Pour one out — or maybe in this instance, light one up — for poor Bill Walton.

The heartbreak is likely real and pronounced for a man who worshipped at the twin altars of the Pac-12 Conference and the Grateful Dead. The Dead, ironically, are the only of those entities that remains alive.

The worst days of Walton’s life are probably now ranked:

  1. Losing to Notre Dame to end UCLA’s 88-game winning streak.
  2. The death of Jerry Garcia.
  3. Richard Nixon re-elected in 1972.
  4. UCLA moving to the Big Ten.
  5. The death of the Pac-12.
It was Walton who popularized the phrase “Conference of Champions,” which he dropped at least a dozen times per game he broadcasted. (And some would maintain that wasn’t the only thing he was dropping.)

The conference itself proudly adopted the label. Most fans, however, treated Walton’s boosterism as schtick. A running gag.

In a technical sense, Walton wasn’t lying. The Pac-12 was the nation’s powerhouse in many Olympic sports. And the same used to be true in revenue sports. UCLA in basketball. USC in football. USC and Arizona State in baseball. Stanford and USC in women’s basketball.

All championship pedigrees. But with the exception of Stanford women’s hoops, all back in the day.

It was the lack of recent success in big-time sports that caused people to chuckle at Walton banging the Conference of Champions drum.

But now that the Pac-12 is dead, where does that drum circle go? Is the 18-team B1G poised to take the mantle of “Conference of Champions?”

Well …

The B1G is big. Will it be great?​

Beginning in 2024, the B1G will be the nation’s largest conference with 18 members. But in football and men’s basketball, it’s likely to maintain the same spots in the pecking order.

The SEC is still king in football.

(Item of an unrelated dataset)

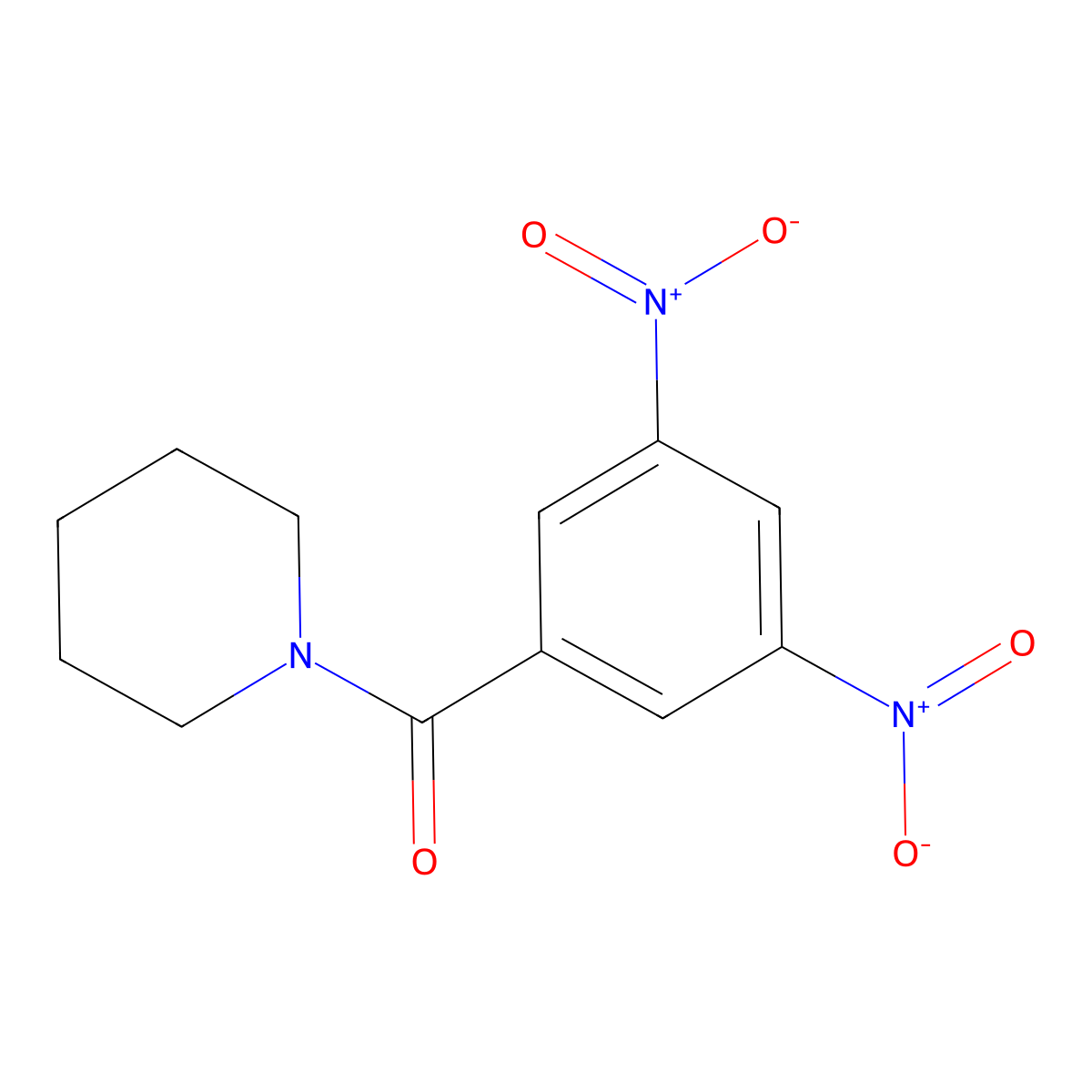 1-(3,5-Dinitrobenzoyl)piperidine molecular structure, CAS 57499-86-2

Toppling it is going to take some time. But it could be plausible by the end of the decade.

With a 12-team Playoff setup, having 2 more teams than any other conference may prove advantageous. Before the Pacific expansion, it was quite unlikely that the B1G would put more than 3 teams into the field. Now we could see years with 4 B1G teams in the CFP — though the same is also true for the 16-team SEC.

Having an extra crack at the title can’t hurt the cause. Although as Ohio State and Michigan showed last year, it also doesn’t guarantee any thing.

The money, on the other hand, might make the difference. Oregon and Washington will be on a lower scale initially, but the remainder of the programs stand to make $10-15 million per year more from media rights than their SEC counterparts.

Ultimately, that should result in B1G programs hiring the top coaching staffs in the country. And unless they invest that money like the New York Mets, that money should theoretically begin producing championships.

That, perhaps, is the only way in which the Big Ten finds itself a stronger conference than when it was an 11-team league in 2010. The money is paving a potential path ahead of the SEC that did not previously exist.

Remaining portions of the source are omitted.